For those two reasons, I can't see a camera phone replacing my DSLR for the foreseeable future. If somebody builds a cell phone in which the entire back of the phone is a microlensed light field array or something, I might reevaluate that statement, but even then, probably not.

This is not to say that camera phones don't replace certain limited uses of DSLRs, but I would expect them to basically destroy the point-and-shoot market while leaving the DSLR market largely untouched. People buy a DSLR because they care about image quality enough to lug a suitcase full of heavy glass around.

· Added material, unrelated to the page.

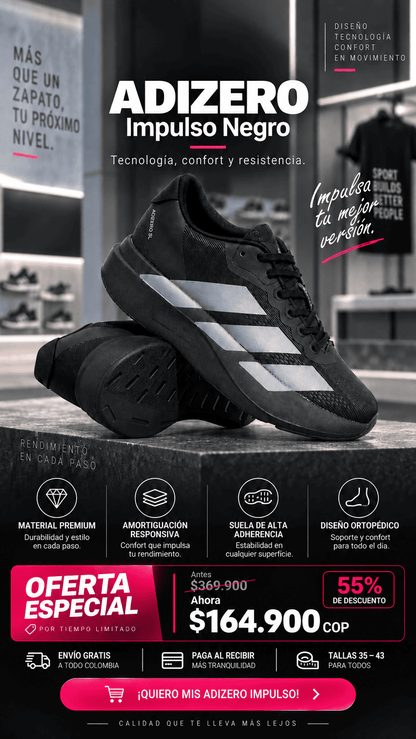 👟 Adizero Impulso™ Negro — ¡Últimas Unidades Disponibles!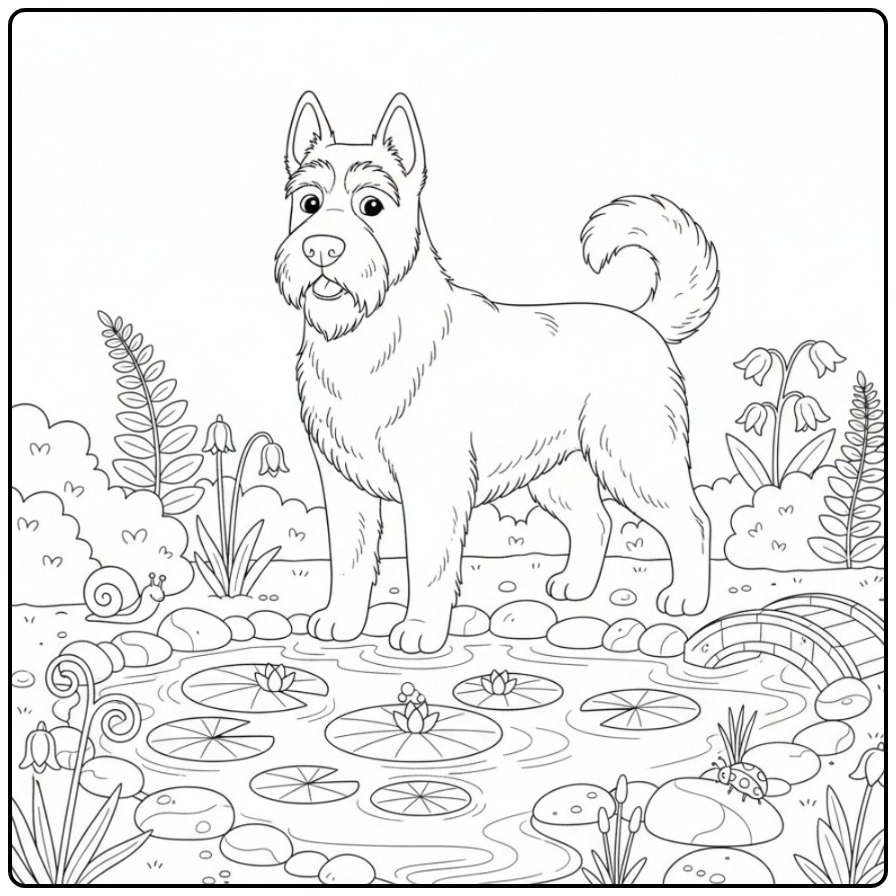 Black Russian Terrier by a Garden Pond coloring page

They're not going to give up that image quality just because they are already carrying a cell phone camera in much the same way that someone who spends $200 on a bottle of champagne every week is unlikely to give up drinking champagne merely because his hotel offers free Budweiser to its guests.


----------



## Rienzphotoz (Sep 11, 2013)

The reason for the poor sales of point & shoot cameras is more to do with the lack of interest of casual shooters, in any serious camera functions... any decent P&S camera will take better photos than a smartphone ... but casual shooters don't care about most of the stuff a serious photog would, the casual shooters only care about capturing the 'moment' they like and share as fast possible with a device that they are already carrying, regardless of the 'quality' of the image ... like my wife who likes the images of her iPhone ... the other day she took an image of a flower which to me looked very ordinary and bland, but she liked it coz it reminds her of a moment she cherishes ... she doesn't care about shutter speeds, fstops, ISO etc ... I think a vast majority are like that, for them carrying another device (P&S camera) is more of a pain, while they can 'get by' with their camera phone. A case in point is the Samsung Galaxy smartphone with a zoom lens, which has far better options (as a camera) than any smartphone, but it isn't selling like hot cakes.


----------



## Northstar (Sep 11, 2013)

Rienzphotoz said:


> The reason for the poor sales of point & shoot cameras is more to do with the lack of interest of casual shooters, in any serious camera functions... any decent P&S camera will take better photos than a smartphone ... but casual shooters don't care about most of the stuff a serious photog would, the casual shooters only care about capturing the 'moment' they like and share as fast possible with a device that they are already carrying, regardless of the 'quality' of the image ... like my wife who likes the images of her iPhone ... the other day she took an image of a flower which to me looked very ordinary and bland, but she liked it coz it reminds her of a moment she cherishes ... she doesn't care about shutter speeds, fstops, ISO etc ... I think a vast majority are like that, for them carrying another device (P&S camera) is more of a pain, while they can 'get by' with their camera phone. A case in point is the Samsung Galaxy smartphone with a zoom lens, which has far better options (as a camera) than any smartphone, but it isn't selling like hot cakes.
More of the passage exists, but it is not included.